**WORK ITEM**
Copy the listing exactly, leaving out every picture.

**EXERCISE DATA**

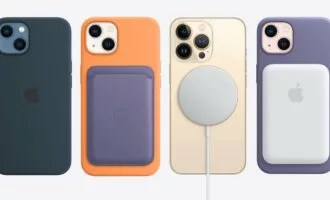 ممنوعیت مگ‌سیف اپل در چین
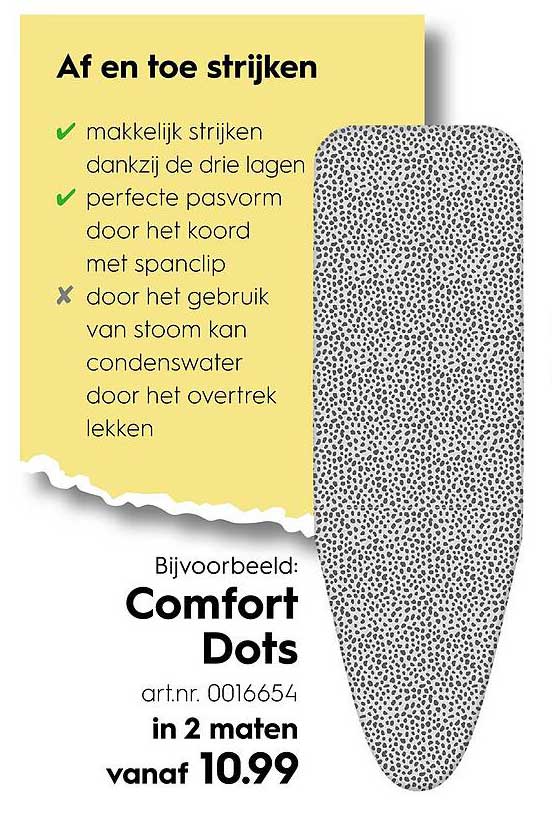 Comfort Dots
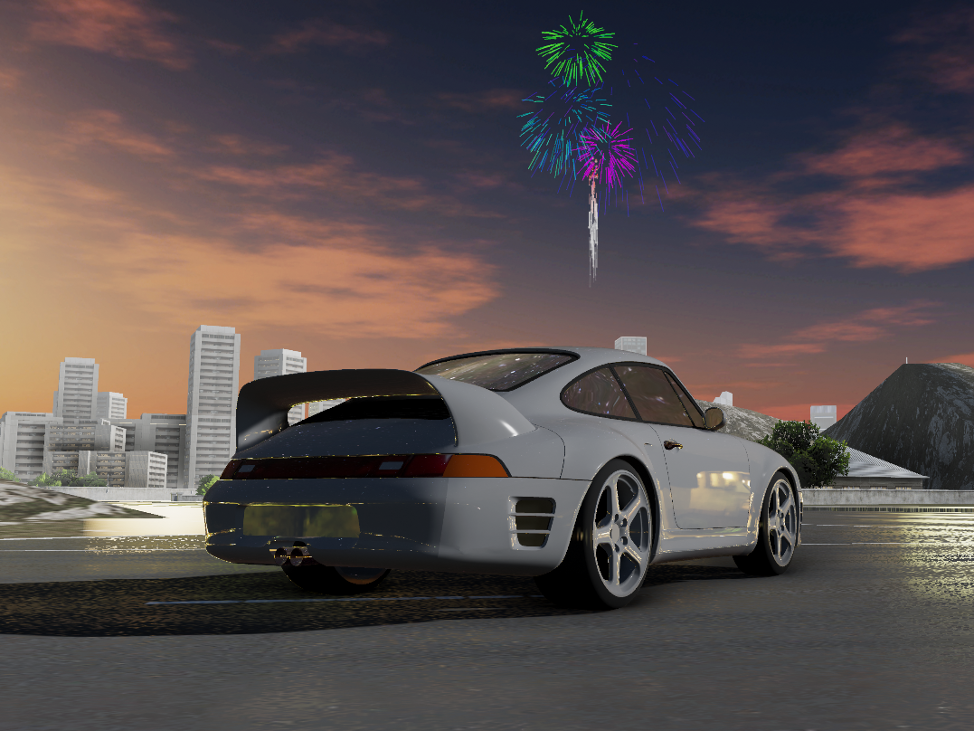 Games like Exclusive Cars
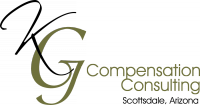 KG Compensation Consulting Logo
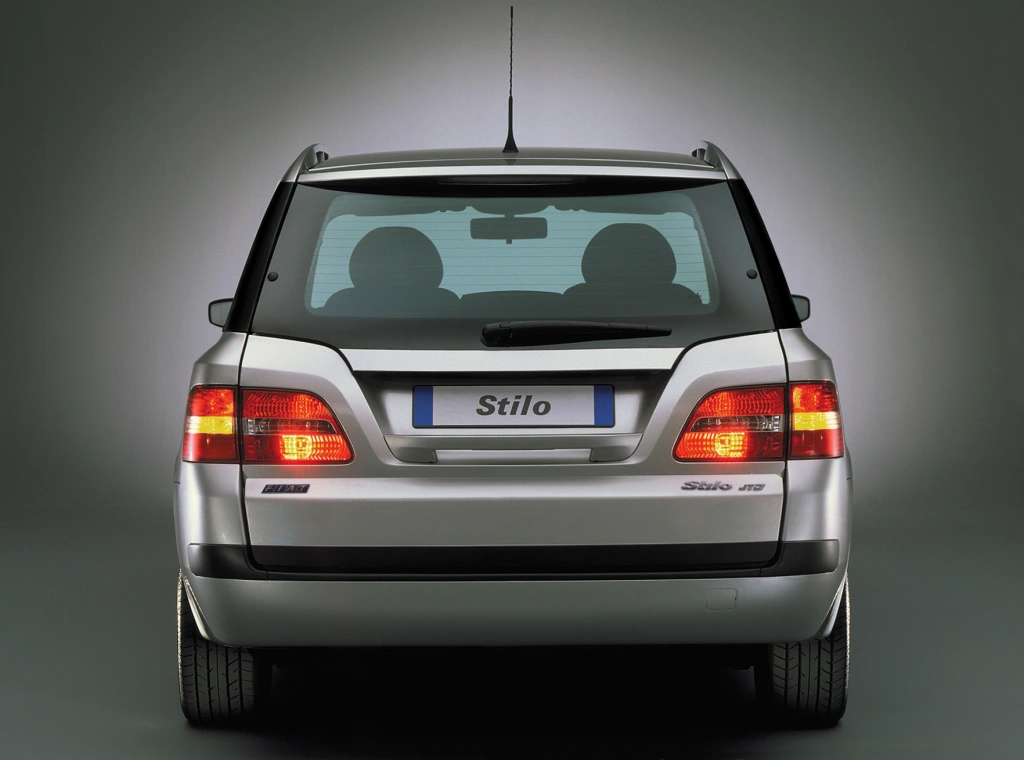 Fiat Tipo Cross 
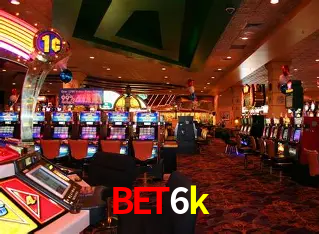 A Emoção da Loteria na bet6k: Uma Chance de Mudança de Vida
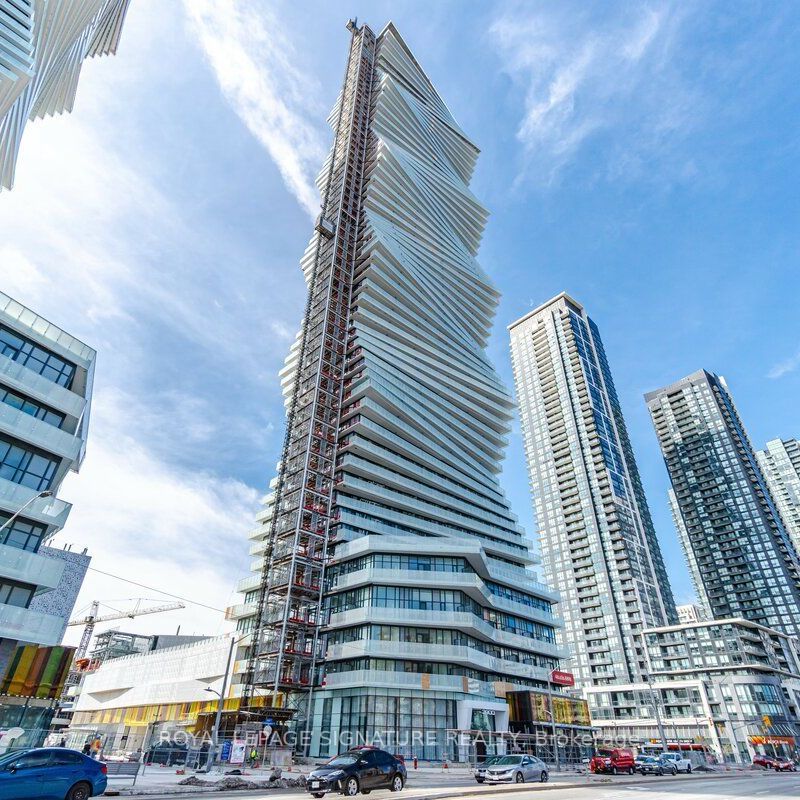 For Lease - 3900 Confederation Parkway Unit# 217, Mississauga, Ontario - Photo 1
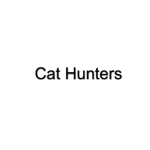 Cat Hunters Official Group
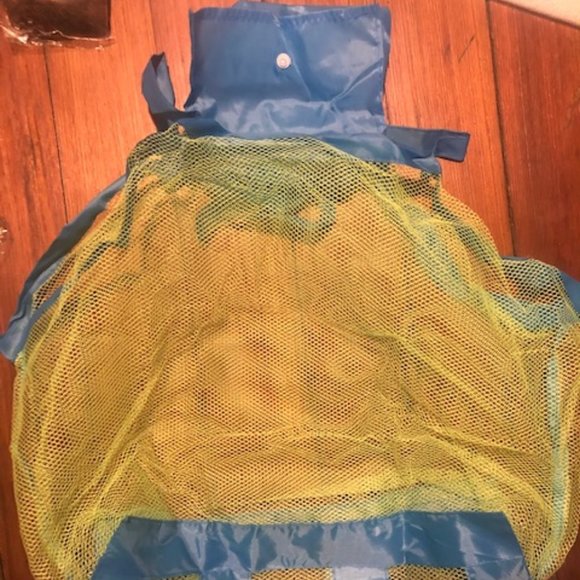 Multi Purpose Bag - Picture 2 of 5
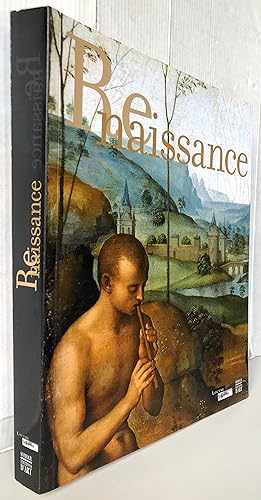 Seller image for Rvolutions dans les arts en Europe 1400-1530 : Renaissance for sale by Librairie Thot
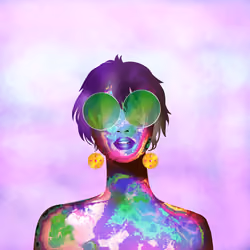 Women Tribe #9580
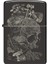 Çakmak 48590 - 103654 24756 Skull Mushroom Design 1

**EXERCISE OUTPUT**
 ممنوعیت مگ‌سیف اپل در چین
 Comfort Dots
 Games like Exclusive Cars
 KG Compensation Consulting Logo
 Fiat Tipo Cross 
 A Emoção da Loteria na bet6k: Uma Chance de Mudança de Vida
 For Lease - 3900 Confederation Parkway Unit# 217, Mississauga, Ontario - Photo 1
 Cat Hunters Official Group
 Multi Purpose Bag - Picture 2 of 5
 Seller image for Rvolutions dans les arts en Europe 1400-1530 : Renaissance for sale by Librairie Thot
 Women Tribe #9580
 Çakmak 48590 - 103654 24756 Skull Mushroom Design 1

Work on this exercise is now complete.